Task goal: Go through the records and give each one again exactly, omitting the images.

Crawled caption data
--------------------------------
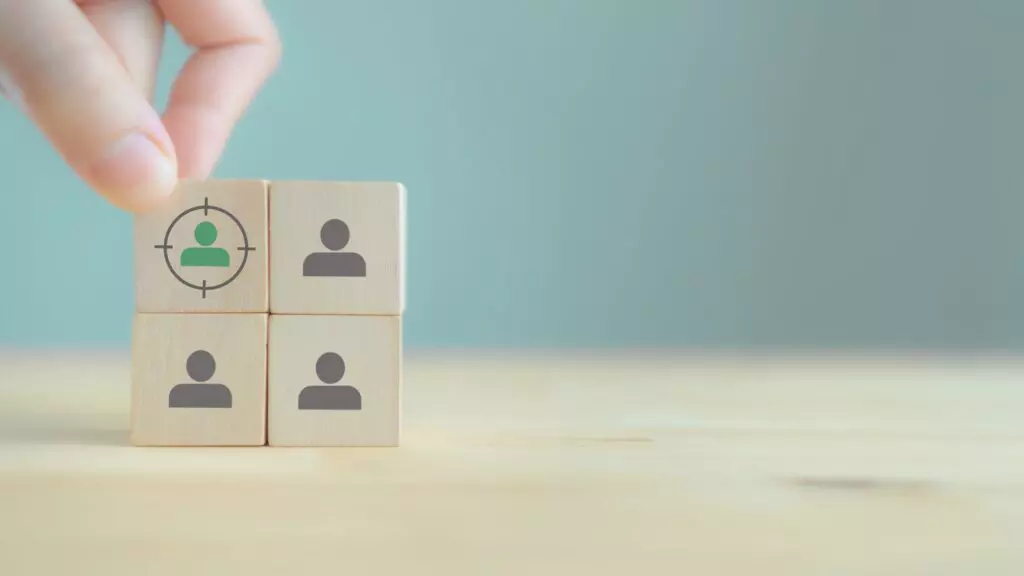 Produtos Atemporais: Como Montar um Pedido Inteligente e Lucrar Rápido 2 Blocos de madeira com ícones de pessoas representando a definição de público-alvo.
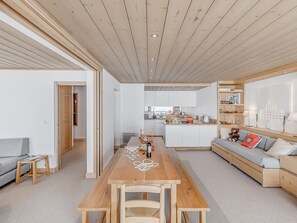 Um interior moderno com uma mesa de jantar de madeira, um sofá e uma área de cozinha.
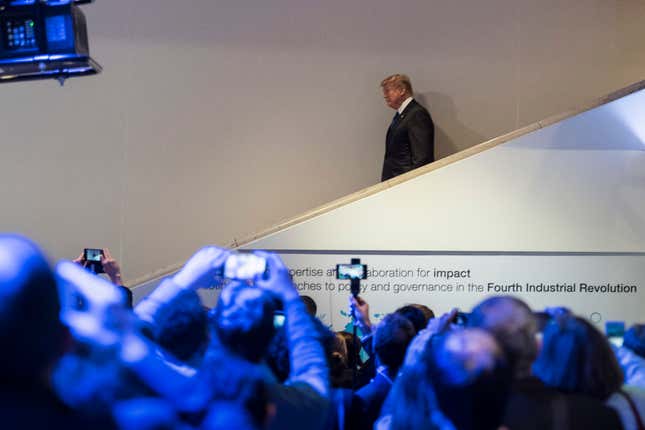 US president Donald Trump walks down stairs during the 48th Annual Meeting of the World Economic Forum.
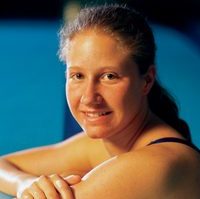 Marsman posed next to lane dividers in the pool, smiling at camera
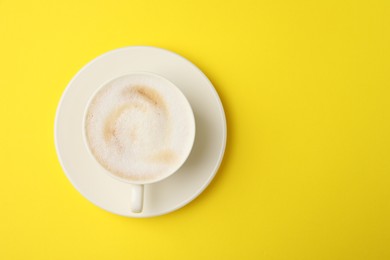 Tasty cappuccino in coffee cup on yellow background, top view. Space for text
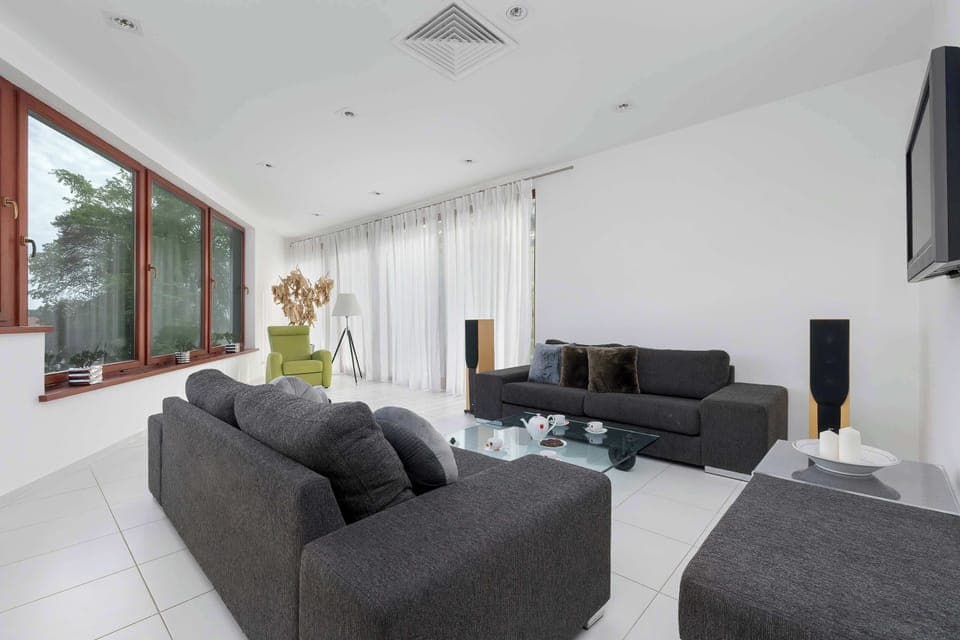 Spacious and bright living area with comfortable seating and modern decor.

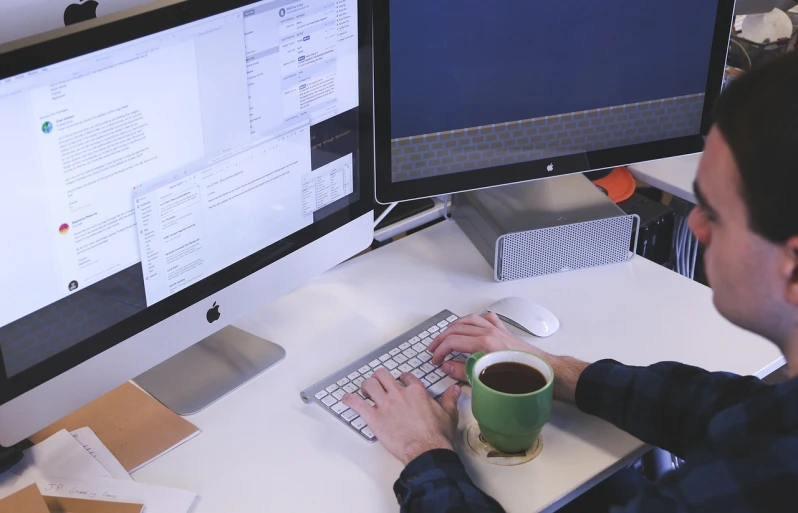 a man sitting at a desk typing on a keyboard, a computer rendering, by Romain brook, pexels, stacked computer screens, coffee, low quality photo, writing a letter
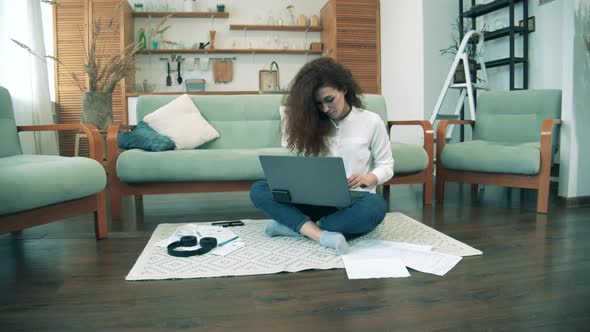 Female Worker Types on Laptop During Quarantine, Covid-19 Lockdown. Remote Work Concept.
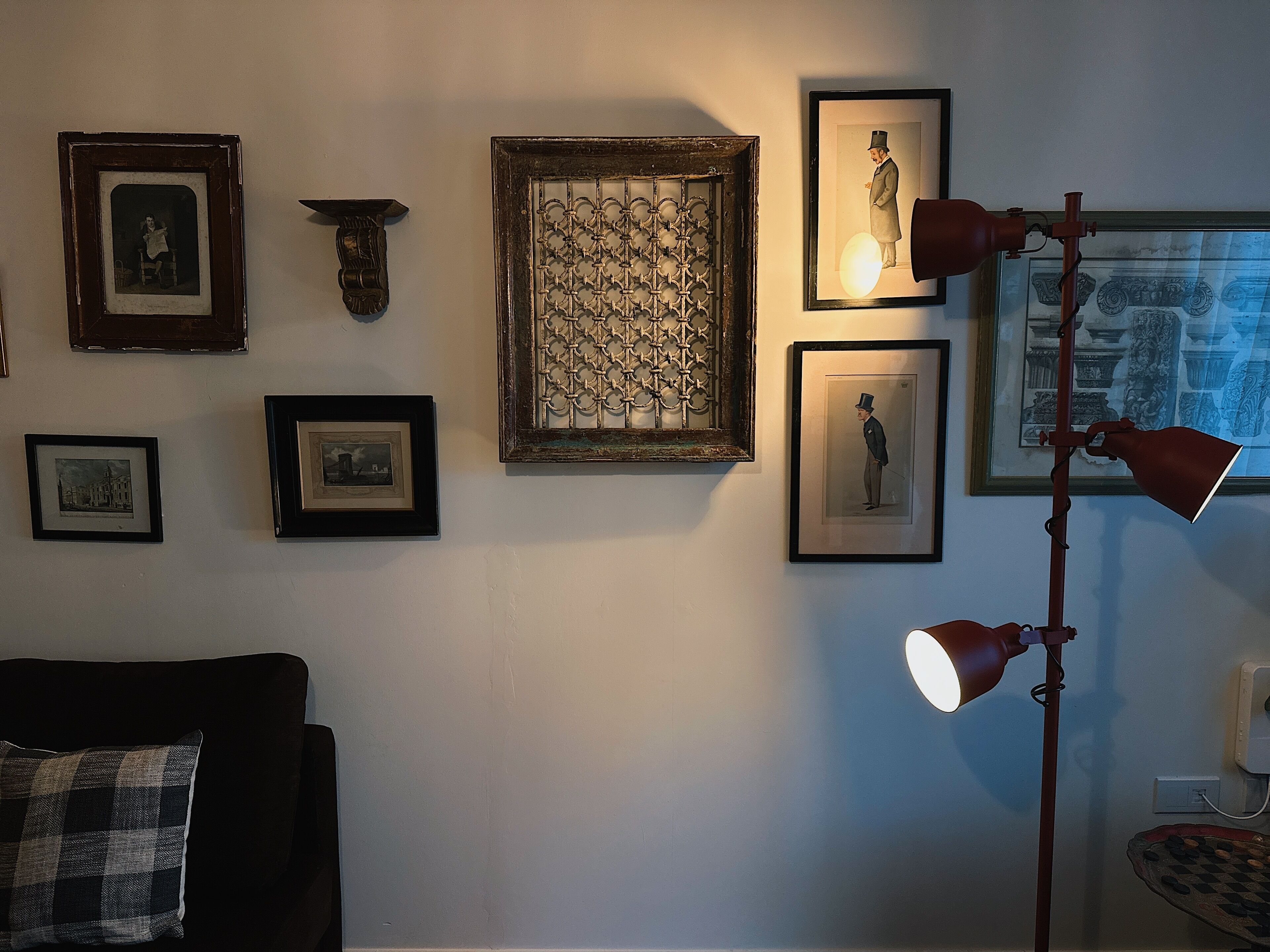 A room with a dark-colored sofa, a patterned wall hanging, and a floor lamp.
--------------------------------
Your response:
 Produtos Atemporais: Como Montar um Pedido Inteligente e Lucrar Rápido 2 Blocos de madeira com ícones de pessoas representando a definição de público-alvo.
 Um interior moderno com uma mesa de jantar de madeira, um sofá e uma área de cozinha.
 US president Donald Trump walks down stairs during the 48th Annual Meeting of the World Economic Forum.
 Marsman posed next to lane dividers in the pool, smiling at camera
 Tasty cappuccino in coffee cup on yellow background, top view. Space for text
 Spacious and bright living area with comfortable seating and modern decor.

 a man sitting at a desk typing on a keyboard, a computer rendering, by Romain brook, pexels, stacked computer screens, coffee, low quality photo, writing a letter
 Female Worker Types on Laptop During Quarantine, Covid-19 Lockdown. Remote Work Concept.
 A room with a dark-colored sofa, a patterned wall hanging, and a floor lamp.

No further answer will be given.